» What the exercise asks
Retype only what runs from the line that contains "A Hungarian Vizsla" through the last line of the listing below, both lines included.

» Records shown

—————

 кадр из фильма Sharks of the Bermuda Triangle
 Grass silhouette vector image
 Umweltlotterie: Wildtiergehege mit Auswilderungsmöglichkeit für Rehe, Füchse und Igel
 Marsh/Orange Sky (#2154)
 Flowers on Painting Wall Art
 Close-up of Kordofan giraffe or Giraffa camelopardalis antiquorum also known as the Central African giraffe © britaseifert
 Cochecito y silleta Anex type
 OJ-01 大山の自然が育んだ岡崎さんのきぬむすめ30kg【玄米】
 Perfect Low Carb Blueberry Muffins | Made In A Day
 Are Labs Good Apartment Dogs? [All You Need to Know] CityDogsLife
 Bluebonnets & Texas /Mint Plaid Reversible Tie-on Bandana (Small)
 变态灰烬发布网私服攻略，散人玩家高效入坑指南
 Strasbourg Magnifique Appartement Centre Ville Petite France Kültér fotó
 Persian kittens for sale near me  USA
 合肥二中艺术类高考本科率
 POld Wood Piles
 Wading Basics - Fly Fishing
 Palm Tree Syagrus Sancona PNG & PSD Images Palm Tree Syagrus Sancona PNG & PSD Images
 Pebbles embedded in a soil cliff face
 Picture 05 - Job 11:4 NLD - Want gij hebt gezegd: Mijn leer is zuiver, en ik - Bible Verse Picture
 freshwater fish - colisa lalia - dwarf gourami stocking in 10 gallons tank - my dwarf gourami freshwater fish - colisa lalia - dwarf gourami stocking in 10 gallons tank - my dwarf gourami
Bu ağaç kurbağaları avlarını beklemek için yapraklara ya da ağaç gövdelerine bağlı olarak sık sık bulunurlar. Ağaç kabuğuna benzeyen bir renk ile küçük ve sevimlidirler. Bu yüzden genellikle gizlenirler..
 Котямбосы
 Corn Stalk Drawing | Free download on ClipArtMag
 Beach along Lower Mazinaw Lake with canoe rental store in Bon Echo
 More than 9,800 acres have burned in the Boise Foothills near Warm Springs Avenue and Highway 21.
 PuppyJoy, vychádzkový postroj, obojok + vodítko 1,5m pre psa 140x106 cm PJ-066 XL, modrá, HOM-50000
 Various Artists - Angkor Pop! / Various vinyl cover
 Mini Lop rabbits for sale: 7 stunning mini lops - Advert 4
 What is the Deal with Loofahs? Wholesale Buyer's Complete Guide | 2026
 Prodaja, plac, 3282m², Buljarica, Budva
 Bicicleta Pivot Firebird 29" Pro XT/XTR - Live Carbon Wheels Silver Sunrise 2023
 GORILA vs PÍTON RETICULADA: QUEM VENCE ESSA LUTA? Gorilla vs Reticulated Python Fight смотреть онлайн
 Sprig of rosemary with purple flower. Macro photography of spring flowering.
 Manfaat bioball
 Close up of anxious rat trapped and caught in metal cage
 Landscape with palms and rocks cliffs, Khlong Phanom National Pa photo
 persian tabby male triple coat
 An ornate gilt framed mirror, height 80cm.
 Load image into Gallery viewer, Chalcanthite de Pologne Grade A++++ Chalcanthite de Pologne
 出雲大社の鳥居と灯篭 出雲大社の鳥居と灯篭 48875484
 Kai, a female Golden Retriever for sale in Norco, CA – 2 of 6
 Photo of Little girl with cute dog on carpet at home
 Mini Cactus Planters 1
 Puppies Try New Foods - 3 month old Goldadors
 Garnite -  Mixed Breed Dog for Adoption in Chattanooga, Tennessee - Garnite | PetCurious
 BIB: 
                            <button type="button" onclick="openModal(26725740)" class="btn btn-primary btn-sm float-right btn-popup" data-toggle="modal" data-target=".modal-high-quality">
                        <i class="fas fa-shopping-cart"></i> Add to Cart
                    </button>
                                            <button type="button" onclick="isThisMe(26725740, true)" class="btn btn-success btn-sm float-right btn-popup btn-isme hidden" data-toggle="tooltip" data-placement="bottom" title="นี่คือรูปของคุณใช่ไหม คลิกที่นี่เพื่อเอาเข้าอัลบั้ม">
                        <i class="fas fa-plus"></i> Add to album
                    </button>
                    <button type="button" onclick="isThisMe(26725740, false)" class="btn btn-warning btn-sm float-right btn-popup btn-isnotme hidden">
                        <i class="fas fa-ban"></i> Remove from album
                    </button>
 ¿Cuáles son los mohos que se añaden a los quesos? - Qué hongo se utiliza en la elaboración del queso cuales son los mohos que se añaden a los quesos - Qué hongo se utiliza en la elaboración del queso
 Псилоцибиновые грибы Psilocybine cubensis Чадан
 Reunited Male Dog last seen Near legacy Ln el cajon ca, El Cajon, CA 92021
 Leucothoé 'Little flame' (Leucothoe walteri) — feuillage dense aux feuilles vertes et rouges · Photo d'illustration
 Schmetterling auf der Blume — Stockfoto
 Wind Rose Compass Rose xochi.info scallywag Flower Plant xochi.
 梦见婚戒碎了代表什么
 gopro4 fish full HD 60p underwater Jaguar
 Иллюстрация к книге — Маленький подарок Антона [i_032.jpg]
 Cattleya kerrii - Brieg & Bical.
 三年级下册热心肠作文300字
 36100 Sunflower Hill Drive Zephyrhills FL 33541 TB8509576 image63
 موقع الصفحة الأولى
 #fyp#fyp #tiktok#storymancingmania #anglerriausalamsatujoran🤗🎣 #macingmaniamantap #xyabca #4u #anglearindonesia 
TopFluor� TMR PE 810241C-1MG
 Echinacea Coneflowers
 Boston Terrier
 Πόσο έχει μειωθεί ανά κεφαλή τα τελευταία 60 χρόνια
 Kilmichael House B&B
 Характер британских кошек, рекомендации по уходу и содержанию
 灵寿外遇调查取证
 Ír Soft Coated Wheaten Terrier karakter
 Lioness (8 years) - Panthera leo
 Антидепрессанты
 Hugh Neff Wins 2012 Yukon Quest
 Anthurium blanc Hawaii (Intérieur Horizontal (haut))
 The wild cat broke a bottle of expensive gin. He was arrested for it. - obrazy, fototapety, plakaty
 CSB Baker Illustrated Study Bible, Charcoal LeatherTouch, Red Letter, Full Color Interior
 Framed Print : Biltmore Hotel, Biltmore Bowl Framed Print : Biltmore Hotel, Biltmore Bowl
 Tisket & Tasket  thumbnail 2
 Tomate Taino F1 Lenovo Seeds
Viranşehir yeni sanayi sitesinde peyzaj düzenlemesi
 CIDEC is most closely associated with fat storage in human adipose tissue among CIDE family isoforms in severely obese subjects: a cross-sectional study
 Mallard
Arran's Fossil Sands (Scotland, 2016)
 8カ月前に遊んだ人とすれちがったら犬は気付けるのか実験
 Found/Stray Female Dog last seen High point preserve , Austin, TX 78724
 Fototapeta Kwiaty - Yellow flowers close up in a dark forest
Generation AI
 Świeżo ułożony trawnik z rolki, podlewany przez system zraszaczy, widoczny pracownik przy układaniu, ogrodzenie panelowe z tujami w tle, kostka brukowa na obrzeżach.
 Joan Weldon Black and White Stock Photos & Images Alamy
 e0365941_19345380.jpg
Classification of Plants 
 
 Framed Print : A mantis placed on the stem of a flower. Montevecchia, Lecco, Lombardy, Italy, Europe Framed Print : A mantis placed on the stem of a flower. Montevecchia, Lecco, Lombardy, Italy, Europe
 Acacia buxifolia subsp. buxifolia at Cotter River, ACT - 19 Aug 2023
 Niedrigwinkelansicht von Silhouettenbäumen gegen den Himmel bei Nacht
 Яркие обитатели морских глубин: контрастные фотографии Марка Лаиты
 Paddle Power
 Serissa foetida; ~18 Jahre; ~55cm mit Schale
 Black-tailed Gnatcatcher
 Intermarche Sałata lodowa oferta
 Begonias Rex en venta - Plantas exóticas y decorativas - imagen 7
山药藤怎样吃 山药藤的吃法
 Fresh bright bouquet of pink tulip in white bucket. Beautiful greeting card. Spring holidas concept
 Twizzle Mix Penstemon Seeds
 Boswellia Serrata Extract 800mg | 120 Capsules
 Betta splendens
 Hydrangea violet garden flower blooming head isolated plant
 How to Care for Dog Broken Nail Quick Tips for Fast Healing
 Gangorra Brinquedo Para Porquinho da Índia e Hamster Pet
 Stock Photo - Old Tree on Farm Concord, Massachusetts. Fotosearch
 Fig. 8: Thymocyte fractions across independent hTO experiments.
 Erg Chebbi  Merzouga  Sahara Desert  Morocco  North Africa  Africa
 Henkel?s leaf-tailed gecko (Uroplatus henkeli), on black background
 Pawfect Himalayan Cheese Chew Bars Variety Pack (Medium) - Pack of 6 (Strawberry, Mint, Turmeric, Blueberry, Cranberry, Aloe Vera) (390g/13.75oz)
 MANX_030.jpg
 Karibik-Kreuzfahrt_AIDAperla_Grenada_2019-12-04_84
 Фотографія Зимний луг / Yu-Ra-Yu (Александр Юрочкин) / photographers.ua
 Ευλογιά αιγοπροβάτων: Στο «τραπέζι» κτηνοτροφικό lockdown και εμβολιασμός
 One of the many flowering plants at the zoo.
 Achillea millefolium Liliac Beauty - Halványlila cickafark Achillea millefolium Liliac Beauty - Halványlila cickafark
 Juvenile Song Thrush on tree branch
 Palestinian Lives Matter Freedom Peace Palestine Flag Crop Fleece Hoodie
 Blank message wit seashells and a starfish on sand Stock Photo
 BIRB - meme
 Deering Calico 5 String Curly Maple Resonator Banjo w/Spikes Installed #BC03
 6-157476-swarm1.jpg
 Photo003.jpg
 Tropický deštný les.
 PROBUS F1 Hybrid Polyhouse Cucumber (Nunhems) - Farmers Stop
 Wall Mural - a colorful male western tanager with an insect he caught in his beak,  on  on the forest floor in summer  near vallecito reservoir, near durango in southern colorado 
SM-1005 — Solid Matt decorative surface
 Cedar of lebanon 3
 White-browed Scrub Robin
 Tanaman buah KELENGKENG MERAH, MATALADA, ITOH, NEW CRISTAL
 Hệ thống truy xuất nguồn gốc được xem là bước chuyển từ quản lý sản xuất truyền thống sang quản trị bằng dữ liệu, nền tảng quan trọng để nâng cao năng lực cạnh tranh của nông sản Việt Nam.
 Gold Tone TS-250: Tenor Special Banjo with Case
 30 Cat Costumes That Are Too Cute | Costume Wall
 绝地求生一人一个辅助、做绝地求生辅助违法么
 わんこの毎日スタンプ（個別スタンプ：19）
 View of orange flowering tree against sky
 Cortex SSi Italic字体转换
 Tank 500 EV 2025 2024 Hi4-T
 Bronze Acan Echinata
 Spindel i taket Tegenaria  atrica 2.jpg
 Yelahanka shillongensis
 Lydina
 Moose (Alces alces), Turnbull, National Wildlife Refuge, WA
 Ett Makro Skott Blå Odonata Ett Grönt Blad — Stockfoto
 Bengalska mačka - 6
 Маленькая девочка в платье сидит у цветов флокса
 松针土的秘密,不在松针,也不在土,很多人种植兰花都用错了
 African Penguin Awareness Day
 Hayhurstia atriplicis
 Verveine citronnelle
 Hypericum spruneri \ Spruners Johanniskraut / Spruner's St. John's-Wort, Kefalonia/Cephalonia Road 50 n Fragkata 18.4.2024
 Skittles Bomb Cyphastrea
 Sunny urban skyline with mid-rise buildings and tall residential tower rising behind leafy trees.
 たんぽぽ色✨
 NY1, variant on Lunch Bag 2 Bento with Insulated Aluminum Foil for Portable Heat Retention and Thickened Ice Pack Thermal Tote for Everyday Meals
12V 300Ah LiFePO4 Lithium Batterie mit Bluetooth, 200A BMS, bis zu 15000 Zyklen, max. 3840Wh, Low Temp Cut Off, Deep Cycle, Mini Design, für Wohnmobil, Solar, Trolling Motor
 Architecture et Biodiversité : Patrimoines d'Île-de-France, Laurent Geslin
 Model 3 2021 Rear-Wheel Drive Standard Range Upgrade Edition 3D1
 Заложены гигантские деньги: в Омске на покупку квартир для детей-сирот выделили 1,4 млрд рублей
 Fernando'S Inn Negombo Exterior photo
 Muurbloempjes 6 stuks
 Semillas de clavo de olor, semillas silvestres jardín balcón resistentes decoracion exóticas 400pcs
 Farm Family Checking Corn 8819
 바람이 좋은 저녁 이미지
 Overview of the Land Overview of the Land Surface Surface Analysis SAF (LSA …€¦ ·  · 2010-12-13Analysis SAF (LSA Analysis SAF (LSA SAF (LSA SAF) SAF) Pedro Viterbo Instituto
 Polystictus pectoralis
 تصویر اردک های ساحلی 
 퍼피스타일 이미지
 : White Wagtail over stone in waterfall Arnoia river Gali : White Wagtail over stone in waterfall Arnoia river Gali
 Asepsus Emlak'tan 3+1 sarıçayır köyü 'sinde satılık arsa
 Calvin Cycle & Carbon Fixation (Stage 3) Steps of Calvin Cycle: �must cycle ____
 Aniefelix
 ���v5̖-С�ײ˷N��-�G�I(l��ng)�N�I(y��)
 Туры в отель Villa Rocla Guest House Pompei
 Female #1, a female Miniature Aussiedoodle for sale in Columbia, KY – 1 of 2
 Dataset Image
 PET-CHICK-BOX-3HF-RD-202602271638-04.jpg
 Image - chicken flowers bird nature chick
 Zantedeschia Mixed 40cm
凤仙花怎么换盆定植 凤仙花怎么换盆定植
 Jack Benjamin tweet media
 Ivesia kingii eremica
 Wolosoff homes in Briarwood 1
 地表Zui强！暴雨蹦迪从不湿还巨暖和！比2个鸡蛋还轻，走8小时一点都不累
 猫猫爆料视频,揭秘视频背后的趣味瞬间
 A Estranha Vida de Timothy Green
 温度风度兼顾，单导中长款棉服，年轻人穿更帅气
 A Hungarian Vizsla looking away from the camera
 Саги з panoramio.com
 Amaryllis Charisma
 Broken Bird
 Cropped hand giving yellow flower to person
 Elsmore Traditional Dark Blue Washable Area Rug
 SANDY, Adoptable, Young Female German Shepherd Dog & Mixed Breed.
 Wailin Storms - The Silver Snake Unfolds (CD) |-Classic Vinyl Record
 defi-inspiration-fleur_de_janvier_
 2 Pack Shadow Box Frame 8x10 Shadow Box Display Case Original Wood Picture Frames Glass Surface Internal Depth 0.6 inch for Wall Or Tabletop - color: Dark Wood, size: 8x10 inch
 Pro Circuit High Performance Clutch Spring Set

—————

» Task result
 A Hungarian Vizsla looking away from the camera
 Саги з panoramio.com
 Amaryllis Charisma
 Broken Bird
 Cropped hand giving yellow flower to person
 Elsmore Traditional Dark Blue Washable Area Rug
 SANDY, Adoptable, Young Female German Shepherd Dog & Mixed Breed.
 Wailin Storms - The Silver Snake Unfolds (CD) |-Classic Vinyl Record
 defi-inspiration-fleur_de_janvier_
 2 Pack Shadow Box Frame 8x10 Shadow Box Display Case Original Wood Picture Frames Glass Surface Internal Depth 0.6 inch for Wall Or Tabletop - color: Dark Wood, size: 8x10 inch
 Pro Circuit High Performance Clutch Spring Set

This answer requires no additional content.